Being “realistic” does not exempt us from faithfulness to Christ. If we tell ourselves that Jesus has called us to “change the world” then we quickly find ways to justify our violent means. But Jesus doesn’t call us to change the world — he calls us to be faithful to his ways of peace. If in our faithfulness to Jesus we happen to change the world, fine, but our first call is to remain faithful. Jesus calls us to love our enemies, not because this is an “effective tactic,” but because this is what God is like.

To the counter that sometimes violence is necessary, Zahnd replies:

If we think violence is a viable option you can be sure we will resort to it. If violence is on the table, imagination is out the window. First century Jerusalem could not imagine any other way than violent revolution against the Romans. Jesus could. Jesus not only imagined the alternative, he embodied it. On the cross. And he calls us to follow him. If we don’t know (or refuse to know) the things that make for peace, we march blindly toward another fiery Gehenna.

Zahnd’s internal monologue goes on:

“You’re not being practical.”

No, I am not.

“You’re being foolish.”

It depends on whose lens you’re looking through. I grant that there are ways of looking at what I’m saying as foolishness. But I also insist that to live Christlike in a Caesar-like world is to risk being called a fool or worse.

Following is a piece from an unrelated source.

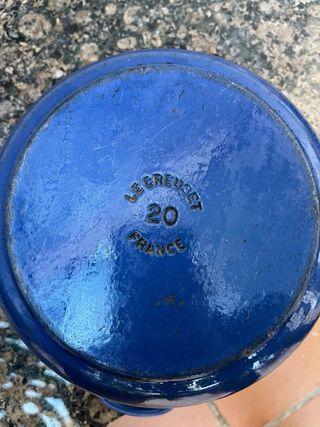 Olla Hoya Hierro Fundido Azul la creuset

What Zahnd gets right that others miss is that Christians are not called to solve the world’s problems, to offer solutions as though with our worldly wisdom and worldly ways we can bring the Kingdom of God ourselves.

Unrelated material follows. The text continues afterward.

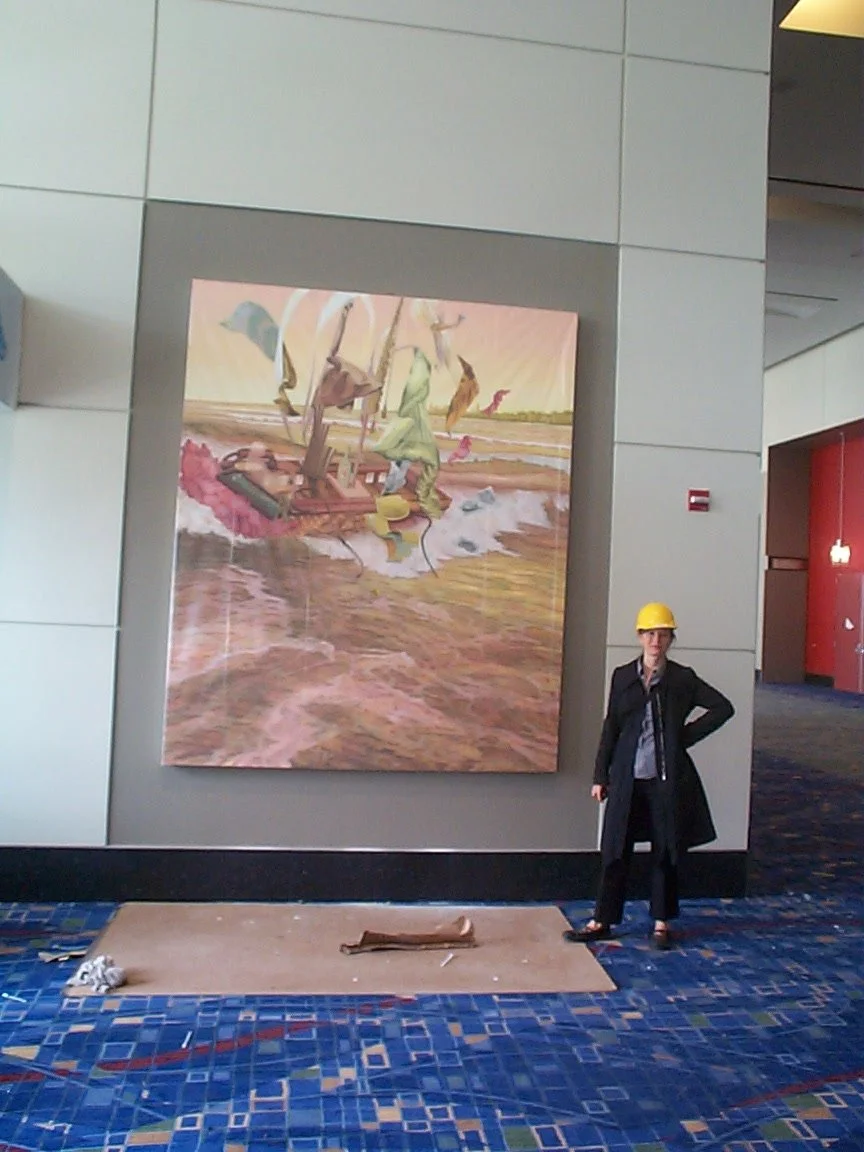  Installation view at the McCormick Place Convention Center.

Rather, as Jesus said right before he ascended to the Father, we’re called to witness to the Kingdom.

That’s a very different proposition.

When Jesus leads his disciples up to the Mt of Olives in Matthew 25, they ask Jesus: When will temple be destroyed and what will be the sign of the coming age?

Rather then answer them directly, Jesus responds with a series of parables about what kind of people his People should be in order to anticipate the coming age.

And the setting for all of this is the Mt of Olives, the place where Jews believed God would begin to usher in the new age (Zechariah 14.1-5).

Jesus predicts destruction, he takes them up to this mountain that’s loaded with symbolism- so why wouldn’t the disciples ask: ‘What will be the sign?’

Because the setting is the place where Jews believed God would end this age, to read the parable that follows rightly you have to go all the way back to the very beginning of scripture, to God’s original design, and God’s promise for a New Creation.

The Hebrew word for that harmony is ‘shalom,’ a word the New Testament translates as ‘peace.’ But it’s not just a sentiment or a feeling of tranquility. It’s restoration. Throughout scripture God’s judgment is against those who work against shalom.

Shalom is not just an abstract theme of scripture; it takes tangible form in the Torah where God lays out Israel’s special charge to care for the stranger, the orphan, the widow, the sick, the poor- whether they’re on the inside of community or the outside of the community because, as Leviticus says, ‘they’re just like you’ (19).

Implied in the Jewish Law is the reality that the stranger and the widow and the orphan and the poor lack an advocate in this world. They are a sign of what’s broken in creation; therefore, God intervenes for them by calling Israel to labor with him in establishing God’s shalom.

This partnership between God and God’s People- this is how God puts creation back together again. This is what the Old Testament is about.

Then, in the New, God becomes incarnate in Jesus Christ to model shalom for us. Until God brings forth the New Heaven and the New Earth he calls the believing community to embody in every aspect of their lives the shalom that is made flesh in Jesus Christ.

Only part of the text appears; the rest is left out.